LANDAVERDE: (Through interpreter) Now, you're guilty unless you prove you're innocent. But I also make it impossible for you to prove you're innocent.
PERALTA: The current state of exception in El Salvador allows the government to hold anyone for two years without charges. In proceedings that are closed to the public, she's seen 400 people tried at the same time. It's so chaotic that some of her clients have found out their loved ones are dead months after they died in custody. Over the past year, she says her office has been full of desperate family members. She remembers one woman who came in carrying three grandbabies. Two of her daughters, she says, were imprisoned.
LANDAVERDE: (Speaking Spanish).
PERALTA: "The woman," she says, "would put the babies to her breasts so they could at least stop crying."
LANDAVERDE: (Through interpreter) That broke my heart. It broke my heart because those babies are human beings, because they deserve the protection of the state and precisely because the government promised children would now be born to a caring society, and yet they take their parents.
PERALTA: I return to the prison in the middle of the night. I meet Rosa, who says her son was a drunk but not a criminal. I meet Teresa, whose son ran a gas delivery company. A jealous neighbor called the police, she says, and now he's been gone for eight months. Elena says her son was running an errand and never came back. She's been here every day for nine months.
ELENA: (Speaking Spanish).
PERALTA: She's been to the prosecutor's office, to the police, to lawyers, to the prisons, and no one has told her anything about her son.

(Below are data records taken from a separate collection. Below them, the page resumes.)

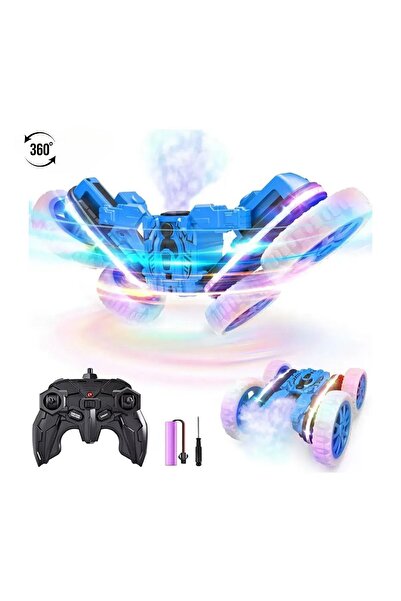 ROZİTOYS Vardem Uzaktan Kumandalı Ful Fonksiyon Şarjlı Işıklı, Buharlı Spin 3...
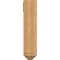 Ekena Millwork Thorton Arts and Crafts Smooth Bracket w/ Offset Brace, Western Red Cedar, 7 1/2"W x 22"D x 34"H BKT0806X22X34THR03SWR - alternate 2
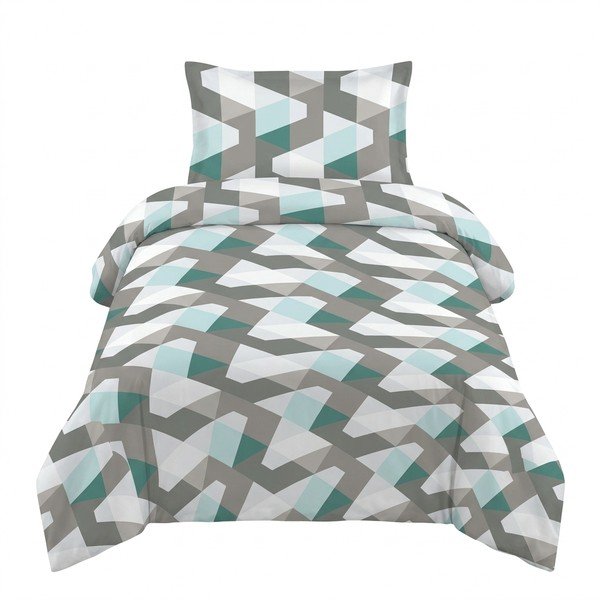 Vienguļamā kokvilnas gultas veļa 140x200 cm Leopold – Cotton House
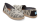 TOMS Espadrille Alpargata Black Diamond Jacquard Rope Sole
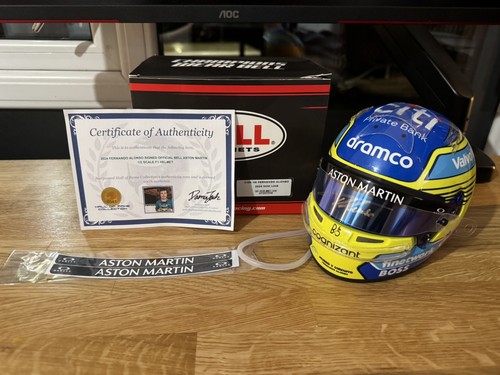 Casco fernando alonso - casco, f1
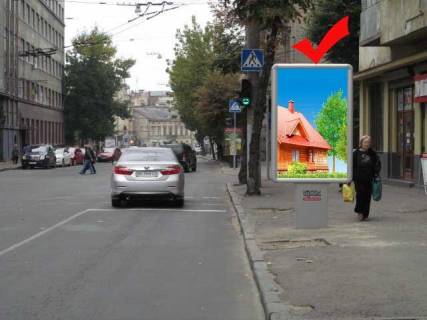 Citylight A in Lviv, 1,2х1,8  st.Zelena 19, navproti NK Metro Photo 1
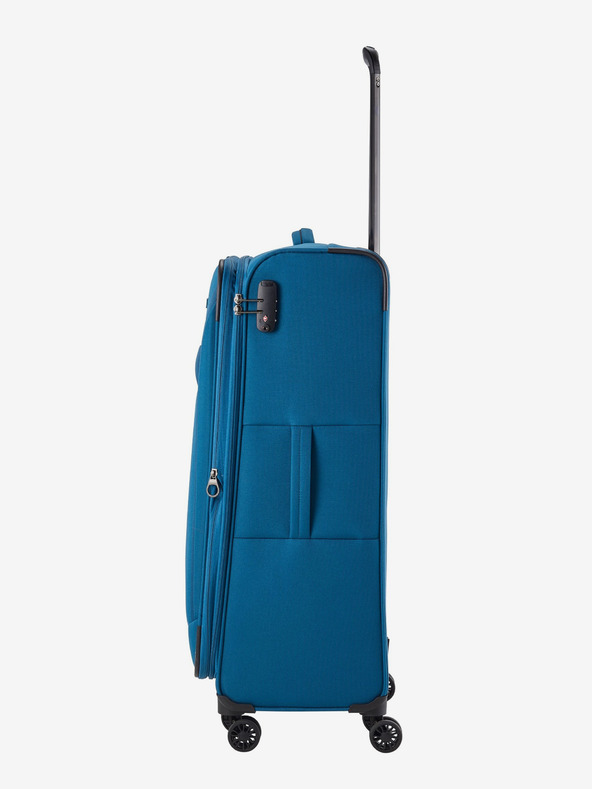 Travelite Sada tří cestovních kufrů v petrolejové barvě Travelite Chios S,M,L Petrol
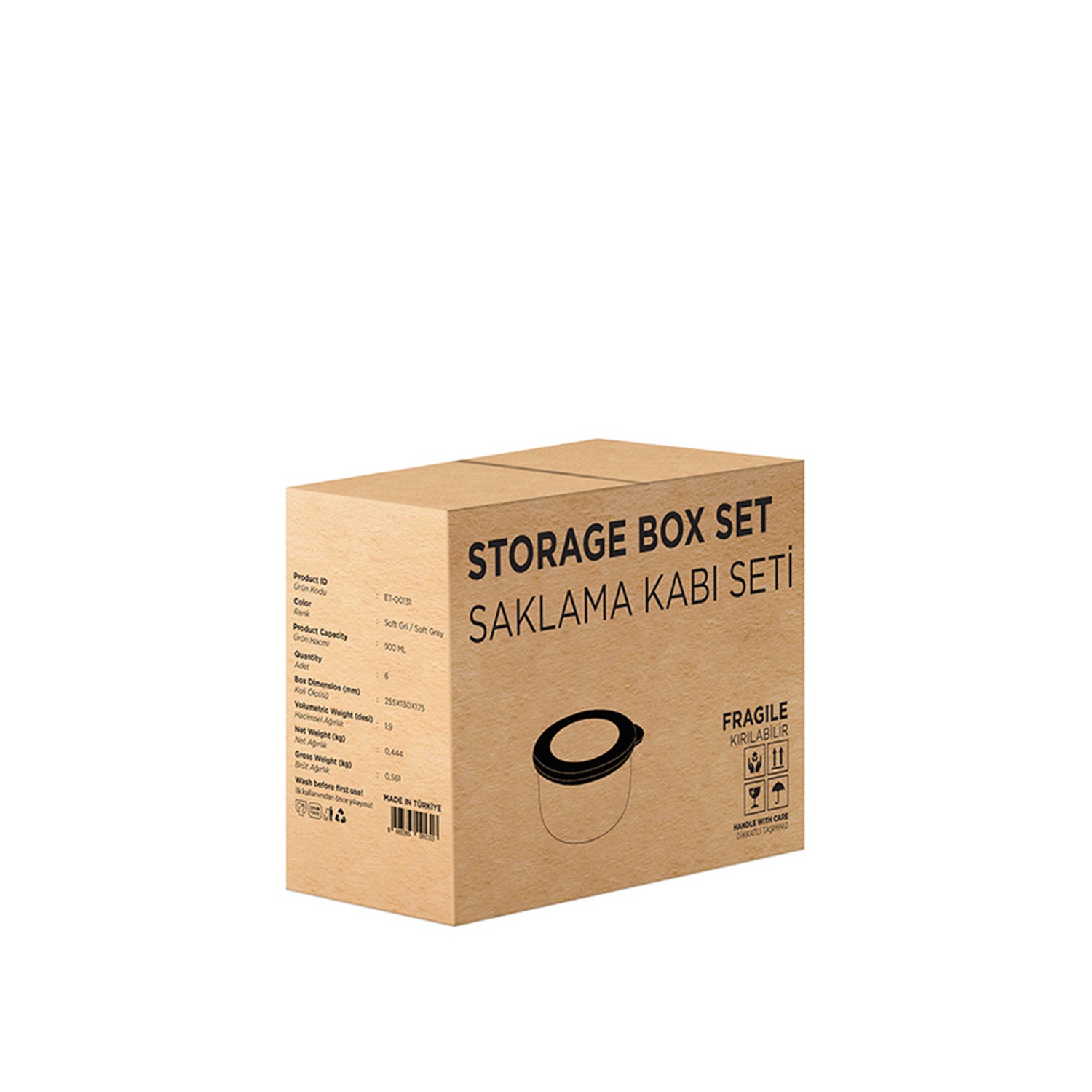 Food Storage Travel Set (Set of 6)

ELENA: (Speaking Spanish).
PERALTA: "It's like he's been kidnapped."
As we talk, the door to the prison opens.
(APPLAUSE)
PERALTA: So right now, they're releasing inmates one by one. They come out dressed in white T-shirts and white shorts. And as they come out, people clap.
(APPLAUSE)
PERALTA: The former inmates cry and hug. One of them doesn't want to hold his toddler son because he feels dirty. The men say they've been warned not to talk to reporters, so they stay quiet. And for a moment, the moms breathe easy. But today, the state only releases six inmates. Elena's son was not one of them. The worst part, she repeats, is not knowing anything.
ELENA: (Speaking Spanish).
PERALTA: "The uncertainty is killing us," she says. "It's killing us day by day."